Wheat beers are today as much a way of Bavarian life as pretzels and sausage. In fact, the German tradition of brotzeit (bread time), the mid-morning respite equivalent to a coffee break, often includes wheat beer as a refresher. These brews can’t be beat for quenching the thirst, and enough variations are available to satisfy any whim or occasion.
There are four different versions of wheat beers, the most common of which is weissebier (white beer), because of its haziness and relatively light color, or weizenbier (wheat beer). The wheat, weizen and weisse appellations can be used interchangeably. There are also strong (weizenbock), filtered (kristall), and dark (dunkelweizen) types of the style. All have a distinctive footprint in common that separates them from the rest of beerdom.
Wheat beers may not suit every palate but are certainly worth a taste. They are likely to grow on you.
Wheat Beer History: Cloudy Early, Becoming Clear
It is generally accepted that brewing had a rather serendipitous beginning and, as wheat is one of the oldest cultivated grains in the world, it should come as no surprise that this grain found its way into early fermented beverages. Stored grains became wet, the ubiquitous wild yeast fermented the resulting mixture, and people consumed the liquid, only to discover its unusual flavor, nutritive value, and, of course, its pleasantly intoxicating effect.
The earliest evidence of brewing, about 5,000 years ago, is from the Fertile Crescent, and it is known that wheat was used to some extent in Babylonia thousands of years ago. Though the brewers of antiquity eventually determined that barley was better for brewing and wheat for food, wheat no doubt remained a common if not vital component of ancient beers.
Brewing then spread from the Fertile Crescent northward into what is now Europe through the Middle Ages. References to wheat in brewing are known from the 15th to the 17th centuries in Germany, Austria and Bohemia. But the history and significance of wheat beer brewing is much less nebulous about this time in and around Bavaria.

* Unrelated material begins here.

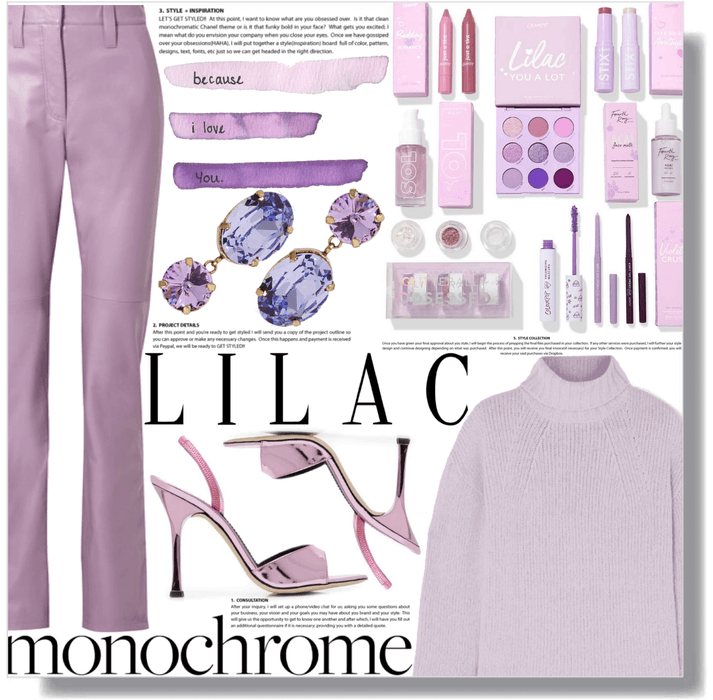 monochrome lilac 💜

The first true weissebier brewery was built in the 15th century in the Bavarian village of Schwarzach by the noble family, the Degenbergers. Although the Reinheitsgebot purity law, decreed in 1516, did not allow wheat malt to be used, the Degenberger clan was allowed to continue producing weissebier because of their grandfathered tenure in the brewing industry. Weissebier was also the preferred beer of the royalty.
When the last of the Degenbergers died, control of the brewery fell to the ruling Bavarian dukes, the Wittelsbachs, authors of the Reinheitsgebot. They set up shop next to their brown beer (dunkels) brewery in Munich. This is now the site of the famous Hofbrauhaus Munich.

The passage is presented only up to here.